### Task directions:
The answer should hold only the lines from the one containing "19 Kids and Counting portada" through the one containing "Jbl flip 4 на запчасти разбор" in the entries below, copied exactly, without pictures.

### Dataset records:
******************************
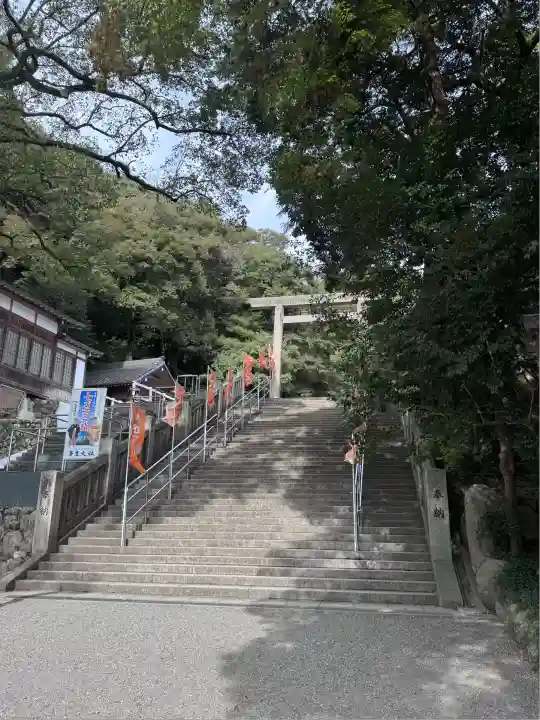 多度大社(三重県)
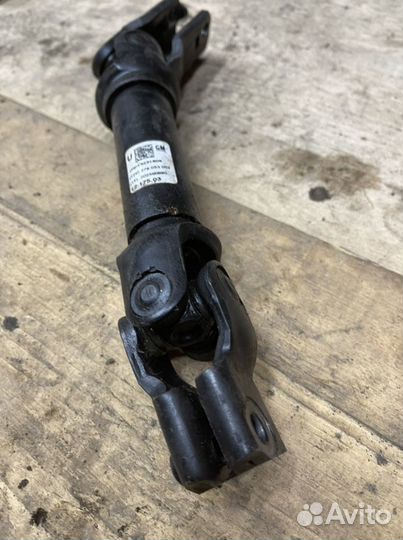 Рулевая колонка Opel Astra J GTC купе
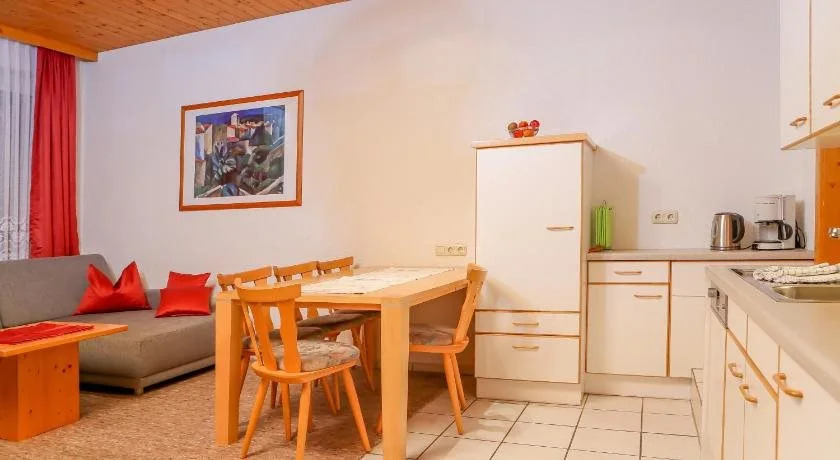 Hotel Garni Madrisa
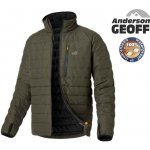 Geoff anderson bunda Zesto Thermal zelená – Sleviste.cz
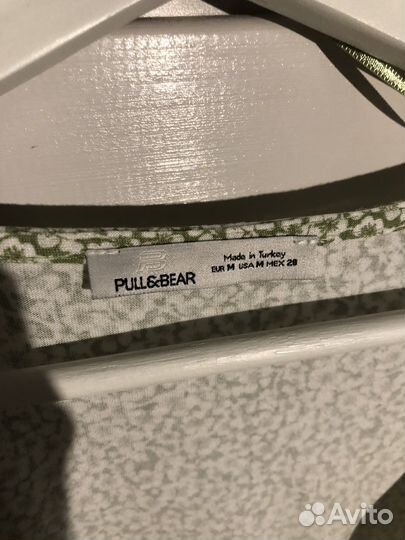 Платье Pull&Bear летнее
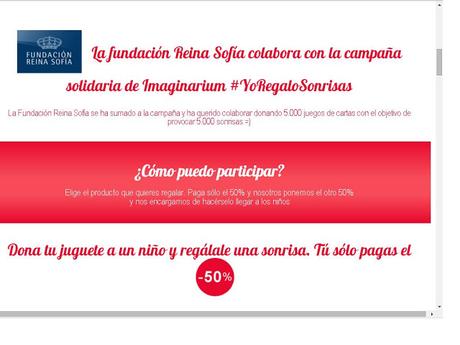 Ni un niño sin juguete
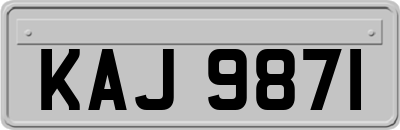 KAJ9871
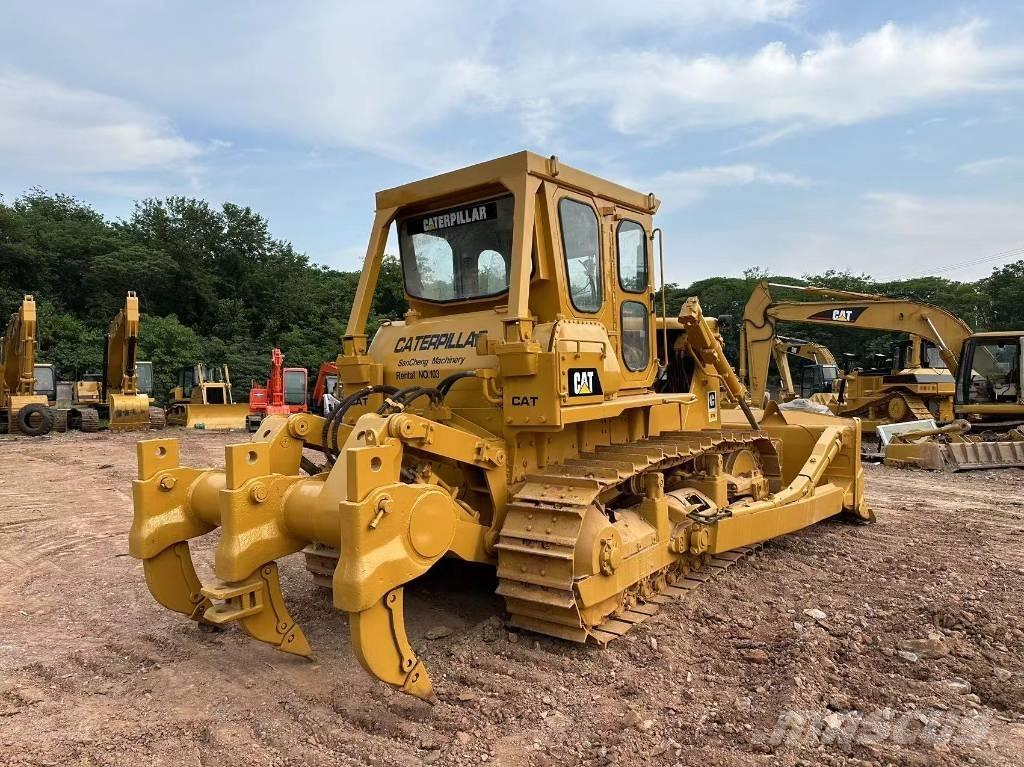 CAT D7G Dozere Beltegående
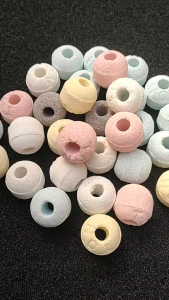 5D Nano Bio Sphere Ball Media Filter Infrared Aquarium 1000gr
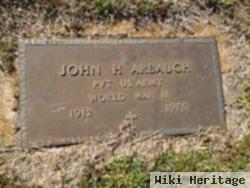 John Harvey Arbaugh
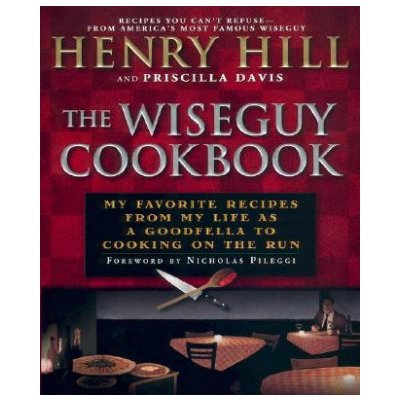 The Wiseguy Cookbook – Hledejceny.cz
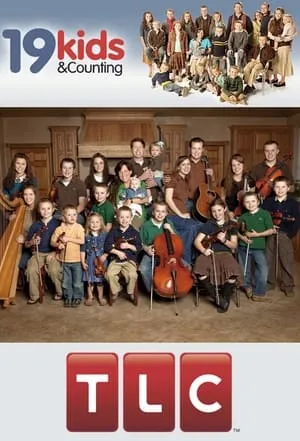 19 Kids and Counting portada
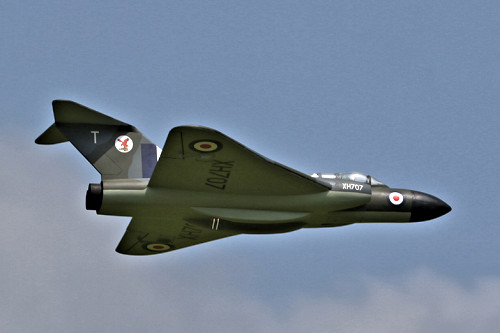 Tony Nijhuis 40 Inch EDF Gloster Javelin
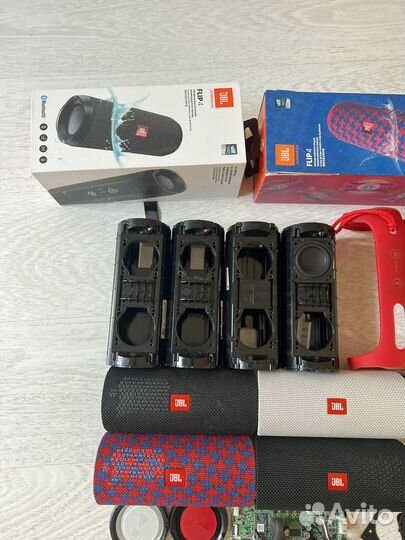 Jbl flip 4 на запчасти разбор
******************************
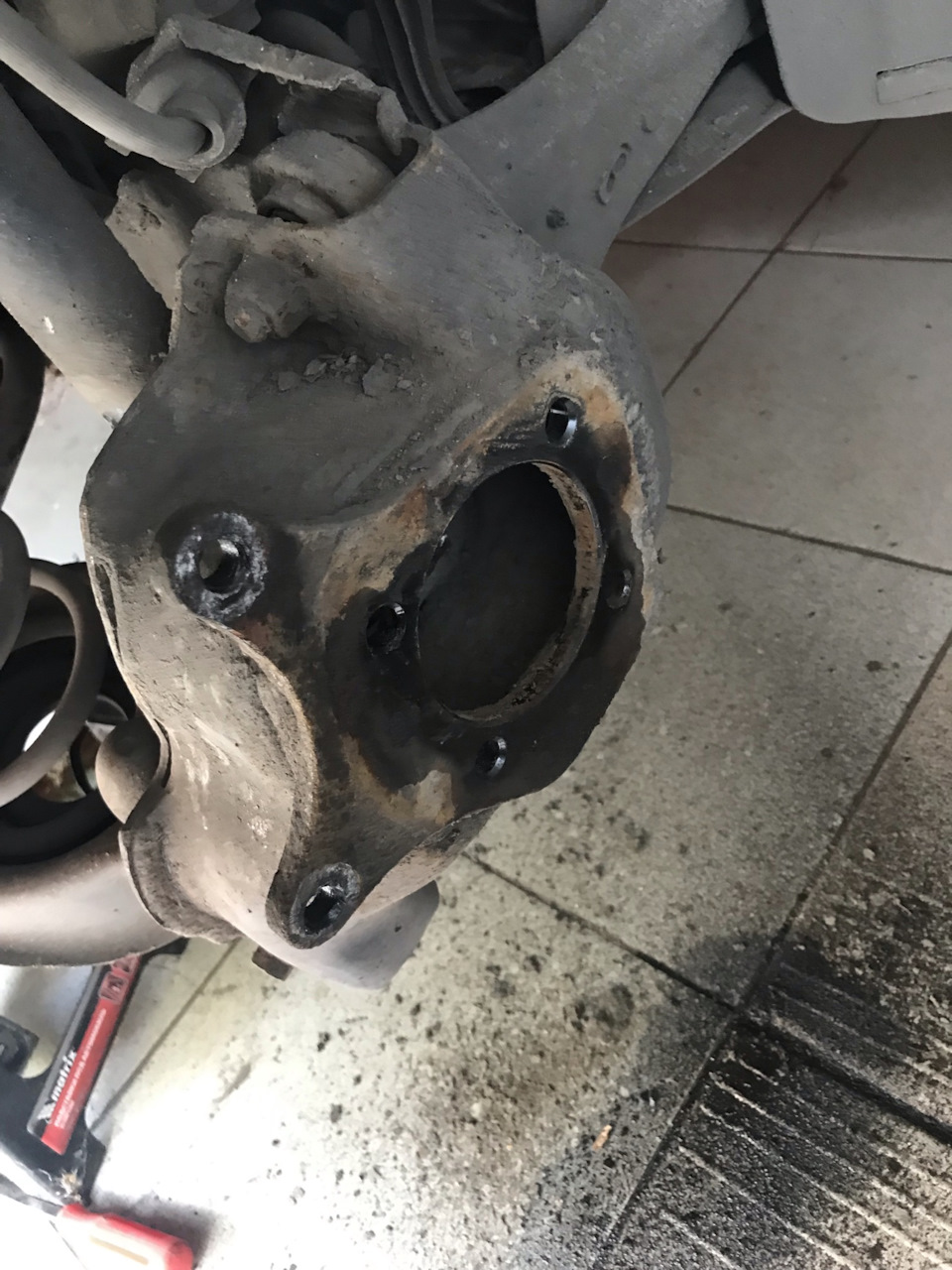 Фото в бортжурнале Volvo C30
******************************
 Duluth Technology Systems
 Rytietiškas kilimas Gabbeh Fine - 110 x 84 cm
******************************
### Exercise answer:
 19 Kids and Counting portada
 Tony Nijhuis 40 Inch EDF Gloster Javelin
 Jbl flip 4 на запчасти разбор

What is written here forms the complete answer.